[Python-ideas] Format mini-language for lakh and crore

David Mertz mertz at gnosis.cx
Sun Jan 28 01:25:09 EST 2018


In South Asia, a different style of digit delimiters for large numbers is
used than in Europe, North America, Australia, etc.  With some minor
spelling differences, the term lakh is used for a hundred-thousand, and it
is generally written as '1,00,000'.

In turn, a crore is 100 lakh, and is written as '1,00,00,000'.  Extending
this pattern, larger numbers continue to use two digits in groups (other
than the smallest grouping of three digits.  So, e.g. 1e12 is written
as 10,00,00,00,00,000.

It's nice that we now have the optional underscore in numeric literals.  So
we could write a number as either `12_34_56_78_00_000` or
`1_234_567_800_000` depending on what region of the world and which
convention was more familiar.

However, in *formatting* those numbers, the format mini-language only
allows the European convention.  So e.g.

In [1]: x = 12_34_56_78_00_000
In [2]: "{:,d}".format(x)
Out[2]: '1,234,567,800,000'
In [3]: f"{x:,d}"
Out[3]: '1,234,567,800,000'


In order to get Indian number delimiters, you'd have to write a custom
formatting function, notwithstanding that something like 1.5 billion people
use the three-then-two delimiting convention.

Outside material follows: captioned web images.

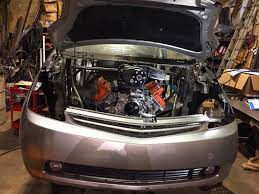 It's a sharp vehicle for the sharp consumer. Building A Prius With A 1 000 Hp Hellcat V8 Engine Swap Depot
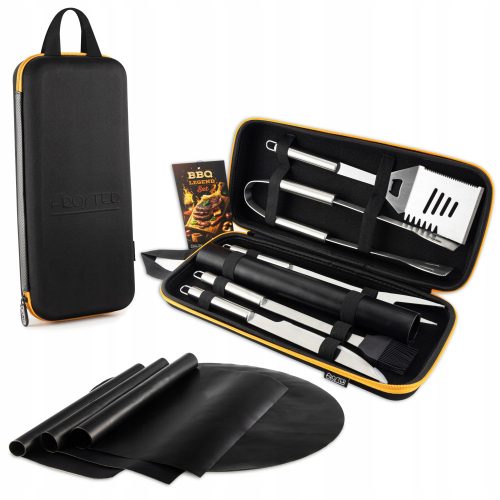 Grillbesteck-Set - Froster 10 Grillset
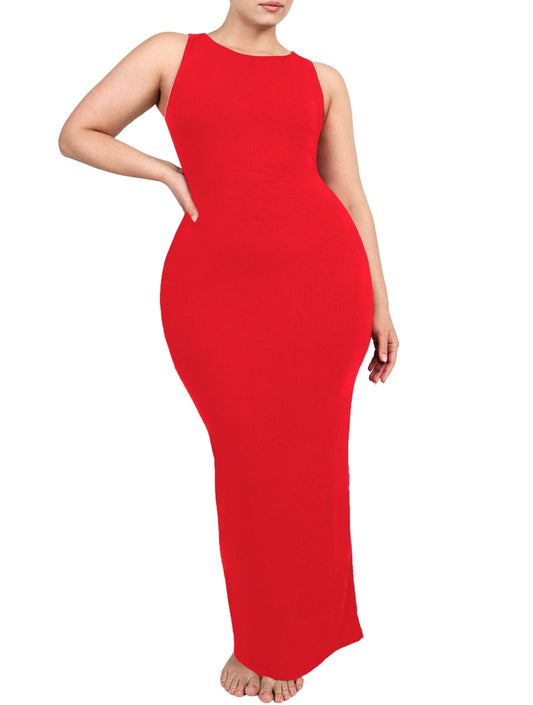 Vestido Maxi Esculpidor Segunda Piel
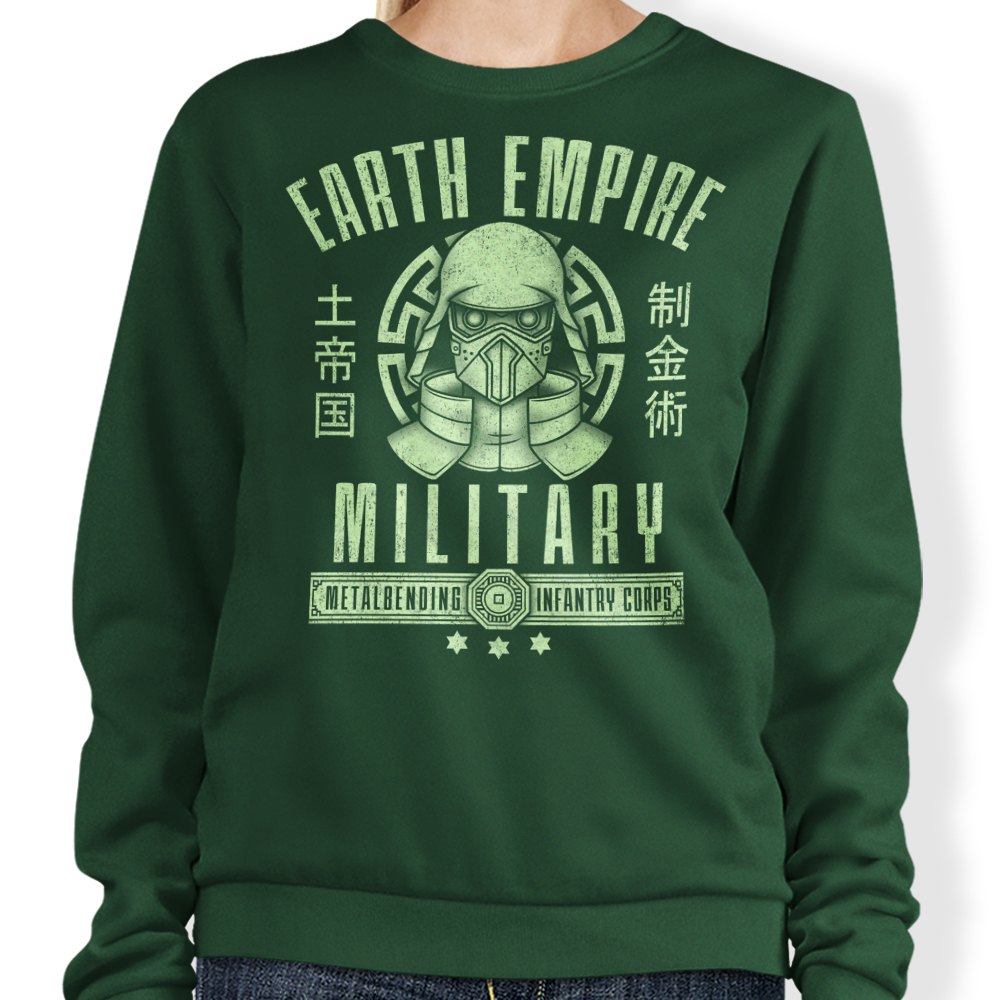 Long Live Kuvira - Adult & Kids T-Shirts, Sweatshirts & Hoodies apparel design preview 1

I propose that Python should have an additional grouping option, or some
other way to specify this grouping convention.  Oddly, the '_' grouping
symbol is available, even though no one actually uses that grouper outside
of programming languages like Python, e.g.:

In [4]: f"{x:_d}"
Out[4]: '1_234_567_800_000'


I guess this is nice for something like round-tripping numbers used in
code, but it's not a symbol anyone uses "natively" (I understand why comma
or period cannot be used in numeric literals since they mean something else
in Python already).

I'm not sure what symbol or combination I would recommend, but finding
something suitable shouldn't be so hard.  Perhaps now that backtick no
longer has any other meaning in Python, it could be used since it looks
similar to a comma.  E.g. in Python 3.8 we might have:

>>> f"{x:`d}"
'12,34,56,78,00,000'

(actually, this probably isn't any parser issue even in Python 2 since it's
already inside quotes; but the issue is moot).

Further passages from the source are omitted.